Segment Open
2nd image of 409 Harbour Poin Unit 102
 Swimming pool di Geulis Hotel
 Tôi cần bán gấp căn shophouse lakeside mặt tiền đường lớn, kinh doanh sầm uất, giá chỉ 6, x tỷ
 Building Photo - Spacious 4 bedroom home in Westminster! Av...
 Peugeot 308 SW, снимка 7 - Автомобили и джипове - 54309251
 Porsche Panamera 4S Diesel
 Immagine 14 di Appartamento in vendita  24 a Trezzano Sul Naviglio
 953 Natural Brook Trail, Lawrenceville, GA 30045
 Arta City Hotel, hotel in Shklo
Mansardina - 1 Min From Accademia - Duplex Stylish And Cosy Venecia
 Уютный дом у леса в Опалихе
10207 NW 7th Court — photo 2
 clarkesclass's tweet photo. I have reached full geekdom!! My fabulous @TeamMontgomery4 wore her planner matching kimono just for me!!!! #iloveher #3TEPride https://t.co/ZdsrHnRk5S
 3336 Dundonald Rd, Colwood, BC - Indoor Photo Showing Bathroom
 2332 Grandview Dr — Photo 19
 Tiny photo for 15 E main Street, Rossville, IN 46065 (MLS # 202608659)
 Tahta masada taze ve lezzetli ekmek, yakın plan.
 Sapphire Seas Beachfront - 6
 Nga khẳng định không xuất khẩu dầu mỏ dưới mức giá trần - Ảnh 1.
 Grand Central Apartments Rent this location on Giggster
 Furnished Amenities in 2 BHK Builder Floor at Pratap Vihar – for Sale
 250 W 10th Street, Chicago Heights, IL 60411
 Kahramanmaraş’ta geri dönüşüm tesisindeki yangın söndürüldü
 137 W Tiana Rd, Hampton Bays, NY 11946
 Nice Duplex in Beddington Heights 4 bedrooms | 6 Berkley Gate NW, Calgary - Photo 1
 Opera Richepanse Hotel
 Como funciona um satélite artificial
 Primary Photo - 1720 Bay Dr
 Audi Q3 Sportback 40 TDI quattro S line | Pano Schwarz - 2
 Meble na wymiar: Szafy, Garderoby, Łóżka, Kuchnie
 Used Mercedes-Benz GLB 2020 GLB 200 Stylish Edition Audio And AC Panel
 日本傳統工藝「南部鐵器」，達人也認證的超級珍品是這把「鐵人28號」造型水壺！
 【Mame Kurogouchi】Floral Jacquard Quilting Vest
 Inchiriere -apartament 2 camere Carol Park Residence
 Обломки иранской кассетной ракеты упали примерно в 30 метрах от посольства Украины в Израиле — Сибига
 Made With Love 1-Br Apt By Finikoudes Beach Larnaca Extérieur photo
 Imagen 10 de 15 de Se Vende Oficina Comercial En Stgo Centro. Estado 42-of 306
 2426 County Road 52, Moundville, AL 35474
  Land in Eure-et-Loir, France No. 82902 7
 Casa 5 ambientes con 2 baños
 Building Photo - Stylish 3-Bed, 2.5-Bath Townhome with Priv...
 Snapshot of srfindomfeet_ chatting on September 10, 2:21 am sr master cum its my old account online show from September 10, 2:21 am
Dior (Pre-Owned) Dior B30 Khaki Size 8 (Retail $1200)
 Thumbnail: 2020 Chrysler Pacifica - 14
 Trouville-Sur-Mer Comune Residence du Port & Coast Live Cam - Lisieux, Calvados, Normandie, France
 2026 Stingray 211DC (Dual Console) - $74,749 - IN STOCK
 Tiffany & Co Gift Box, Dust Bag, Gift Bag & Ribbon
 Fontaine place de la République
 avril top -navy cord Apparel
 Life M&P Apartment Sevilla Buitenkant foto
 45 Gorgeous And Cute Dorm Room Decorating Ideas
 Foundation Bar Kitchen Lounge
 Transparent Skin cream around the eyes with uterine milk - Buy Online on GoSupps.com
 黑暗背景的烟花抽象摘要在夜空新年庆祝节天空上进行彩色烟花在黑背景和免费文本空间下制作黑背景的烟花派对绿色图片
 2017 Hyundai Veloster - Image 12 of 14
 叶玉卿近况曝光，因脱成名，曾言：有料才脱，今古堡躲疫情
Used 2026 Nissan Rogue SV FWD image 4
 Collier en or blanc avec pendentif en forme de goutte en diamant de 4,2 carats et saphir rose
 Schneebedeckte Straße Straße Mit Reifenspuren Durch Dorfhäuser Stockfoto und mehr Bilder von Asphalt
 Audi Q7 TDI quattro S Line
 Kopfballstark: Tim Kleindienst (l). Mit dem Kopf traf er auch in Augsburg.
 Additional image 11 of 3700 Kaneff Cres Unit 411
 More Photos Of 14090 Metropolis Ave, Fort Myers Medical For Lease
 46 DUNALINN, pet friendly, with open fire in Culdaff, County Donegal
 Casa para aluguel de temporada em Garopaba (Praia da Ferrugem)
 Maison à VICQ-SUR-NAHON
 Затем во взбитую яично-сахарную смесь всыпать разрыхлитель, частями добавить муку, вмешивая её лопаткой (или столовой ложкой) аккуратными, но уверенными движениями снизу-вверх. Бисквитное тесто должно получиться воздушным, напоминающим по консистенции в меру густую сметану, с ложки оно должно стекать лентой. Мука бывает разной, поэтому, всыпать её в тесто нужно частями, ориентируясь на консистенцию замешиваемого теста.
Segment Closed
▸ **EXERCISE OBJECTIVE**
Look through the entries above and quote exactly the lines from the line with "Mansardina - 1" to the line with "137 W Tiana Rd, Hampton Bays, NY 11946", counting both of those lines.

▸ **EXPECTED ANSWER**
Mansardina - 1 Min From Accademia - Duplex Stylish And Cosy Venecia
 Уютный дом у леса в Опалихе
10207 NW 7th Court — photo 2
 clarkesclass's tweet photo. I have reached full geekdom!! My fabulous @TeamMontgomery4 wore her planner matching kimono just for me!!!! #iloveher #3TEPride https://t.co/ZdsrHnRk5S
 3336 Dundonald Rd, Colwood, BC - Indoor Photo Showing Bathroom
 2332 Grandview Dr — Photo 19
 Tiny photo for 15 E main Street, Rossville, IN 46065 (MLS # 202608659)
 Tahta masada taze ve lezzetli ekmek, yakın plan.
 Sapphire Seas Beachfront - 6
 Nga khẳng định không xuất khẩu dầu mỏ dưới mức giá trần - Ảnh 1.
 Grand Central Apartments Rent this location on Giggster
 Furnished Amenities in 2 BHK Builder Floor at Pratap Vihar – for Sale
 250 W 10th Street, Chicago Heights, IL 60411
 Kahramanmaraş’ta geri dönüşüm tesisindeki yangın söndürüldü
 137 W Tiana Rd, Hampton Bays, NY 11946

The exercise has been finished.